Take the brutally cold winters, for instance. Breckenridge and surrounding service areas sit an average of 9,500 to 10,000 feet above sea level, and temperatures often dip to 10 or 20 degrees below zero. That creates steady work thawing frozen pipelines in winter. Toughest job ever? Clearing out about 1,200 feet of a sanitation district’s frozen 4-inch force main that runs between a treatment plant and a lift station. That job took about four days, doing 400- and 500-foot runs with a water jetter mounted inside a heated and insulated jetter truck built by US Jetting. 

Frequent snowfalls also make winter driving a risky proposition, especially in high mountain passes. But environmentally, the hardest thing to deal with is the cold weather, says company president and co-owner Bill Tatro. “All our equipment is designed to suck water into it or shoot water out of it, so when hoses freeze, it makes things difficult,” he says. 

The high altitude creates operational problems, too, because the thin air robs power from truck engines, pumps and the like. “In general, everything we use has to be a little bit bigger and possess a little bit more horsepower than what you’d run at lower elevations,” he says, noting that Snowbridge’s vacuum trucks are equipped with 400 cfm pumps. “Diesel engines must be turbocharged or they don’t work well.” 

A vacuum-truck blower that pulls 27 inches Hg at sea level pulls only about 16 or 17 inches at high elevations, and a traditional vane pump generates about 30 to 40 percent less vacuum power, explains Chris Tatro, vice-president and co-owner. That makes some pumping operations pretty interesting. 

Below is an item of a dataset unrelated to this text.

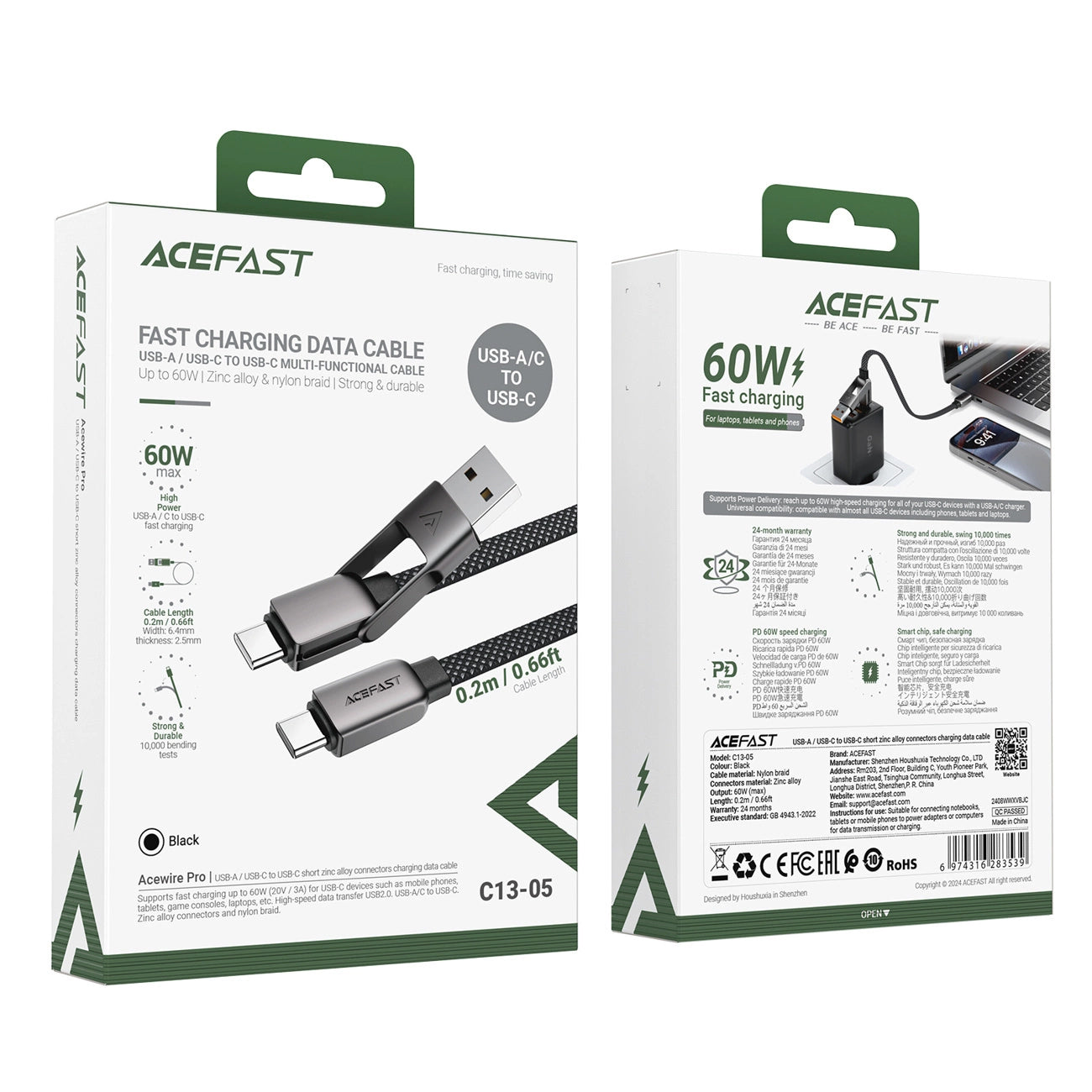 USB-C - USB-A / USB-C Acefast C13-05 data- og ladekabel, 60W, 0.2m, Svart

“You have to keep in mind that sometimes we’re up at 12,000 feet, pumping grease traps and septic systems at resorts, as well as pumping out outhouses for ski resorts and the U.S. Forest Service,” he says. “At times, we may have to use 90 feet of hose, which makes it even tougher. Or a tank we’re pumping out might be located 30 or 40 feet below the truck.”

To counteract the reduction in vacuum power created by longer, uphill hose runs, crews use a pressure-lift device called the Power Booster, made by Pressure Lift Corp. Typically placed between the first and second sections of hose, it acts like an air pump, generally adding supplemental vacuum power of about 20 cfm at 90 psi, Chris says.